Your objective:
Below are records; count the lines among them that include the string "Volkswagen", and state only the number.

Data for processing:
BEGIN

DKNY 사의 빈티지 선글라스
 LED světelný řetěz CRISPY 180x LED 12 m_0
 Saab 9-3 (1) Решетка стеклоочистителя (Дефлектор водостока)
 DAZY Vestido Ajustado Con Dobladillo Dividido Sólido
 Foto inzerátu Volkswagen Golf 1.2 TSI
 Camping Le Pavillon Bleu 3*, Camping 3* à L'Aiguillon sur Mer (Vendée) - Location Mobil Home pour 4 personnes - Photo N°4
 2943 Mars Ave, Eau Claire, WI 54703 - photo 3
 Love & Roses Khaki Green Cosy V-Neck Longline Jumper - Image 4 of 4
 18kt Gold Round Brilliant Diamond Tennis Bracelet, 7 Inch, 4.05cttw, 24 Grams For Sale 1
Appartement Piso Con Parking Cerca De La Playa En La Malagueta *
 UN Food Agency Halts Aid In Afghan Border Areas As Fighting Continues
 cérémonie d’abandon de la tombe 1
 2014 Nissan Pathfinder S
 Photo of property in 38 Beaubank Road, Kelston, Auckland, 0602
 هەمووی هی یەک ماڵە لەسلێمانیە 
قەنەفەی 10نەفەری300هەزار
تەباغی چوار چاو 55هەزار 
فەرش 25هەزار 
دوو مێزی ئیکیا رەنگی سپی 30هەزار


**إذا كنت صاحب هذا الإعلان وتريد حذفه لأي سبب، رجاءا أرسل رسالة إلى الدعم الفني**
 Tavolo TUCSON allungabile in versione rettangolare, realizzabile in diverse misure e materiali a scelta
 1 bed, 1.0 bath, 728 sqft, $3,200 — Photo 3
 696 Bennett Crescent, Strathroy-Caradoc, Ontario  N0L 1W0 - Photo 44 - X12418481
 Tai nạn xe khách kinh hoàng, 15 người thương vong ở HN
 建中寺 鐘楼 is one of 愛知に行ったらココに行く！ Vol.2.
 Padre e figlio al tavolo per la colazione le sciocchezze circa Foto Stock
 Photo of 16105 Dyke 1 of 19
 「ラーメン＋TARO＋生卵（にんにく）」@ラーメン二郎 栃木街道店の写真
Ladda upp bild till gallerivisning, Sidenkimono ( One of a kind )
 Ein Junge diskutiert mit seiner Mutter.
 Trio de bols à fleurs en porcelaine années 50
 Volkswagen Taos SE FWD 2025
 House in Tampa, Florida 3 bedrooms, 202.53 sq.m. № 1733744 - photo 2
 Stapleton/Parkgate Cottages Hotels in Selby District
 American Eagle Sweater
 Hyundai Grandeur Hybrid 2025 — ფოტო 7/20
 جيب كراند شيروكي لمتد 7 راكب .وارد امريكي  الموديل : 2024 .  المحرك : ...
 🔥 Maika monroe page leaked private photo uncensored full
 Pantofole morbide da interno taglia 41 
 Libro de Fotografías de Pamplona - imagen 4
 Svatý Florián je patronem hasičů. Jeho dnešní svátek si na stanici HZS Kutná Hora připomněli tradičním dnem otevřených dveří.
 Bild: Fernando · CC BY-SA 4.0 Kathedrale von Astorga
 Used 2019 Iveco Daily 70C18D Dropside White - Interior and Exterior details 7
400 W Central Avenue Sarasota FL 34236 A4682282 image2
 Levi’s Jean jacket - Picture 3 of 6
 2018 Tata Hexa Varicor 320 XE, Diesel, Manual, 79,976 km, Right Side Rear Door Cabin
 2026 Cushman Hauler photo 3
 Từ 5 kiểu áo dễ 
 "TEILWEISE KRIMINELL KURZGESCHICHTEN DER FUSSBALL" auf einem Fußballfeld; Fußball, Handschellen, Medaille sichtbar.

END

Output for this task:
2